Il poursuit son raisonnement afin de tordre le cou à un cliché : « Avant 2008 le public de Cáritas était composé de deux tiers d’immigrés et d’un tiers « d’autochtones ». Aujourd’hui on se rapproche du 50-50. A la différence de beaucoup «d’autochtones », les immigrés n’ont personne pour les soutenir car ce sont eux qui aident leur famille restée au pays ». Face aux gens effrayés du fait que les immigrés leur volent leur emplois, el señor Corada se veut pragmatique : « Quand on regarde les faits, ces immigrés sont venus occuper les emplois dont nous ne voulions plus. Aujourd’hui, avec la pénurie beaucoup regardent ces jobs avec envie à cause de la nécessité ».

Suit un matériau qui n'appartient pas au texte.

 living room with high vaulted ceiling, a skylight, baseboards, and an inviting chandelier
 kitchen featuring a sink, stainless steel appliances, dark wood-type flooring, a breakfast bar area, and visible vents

Selon un rapport de Cáritas, l’Espagne pourrait éradiquer l’extrême précarité ou tout du moins sortir des millions de personnes des griffes acérées de la pauvreté en utilisant les 230 millions d’euros que le gouvernement va dépenser pour sauver les routes vétustes de la péninsule ibérique.  Outre la vive réaction du gouvernement de Mariano Rajoy qui conteste la véracité de ce rapport, à une poignée de jours du scrutin européen, cela pose la question du sens des priorités de l’exécutif en place.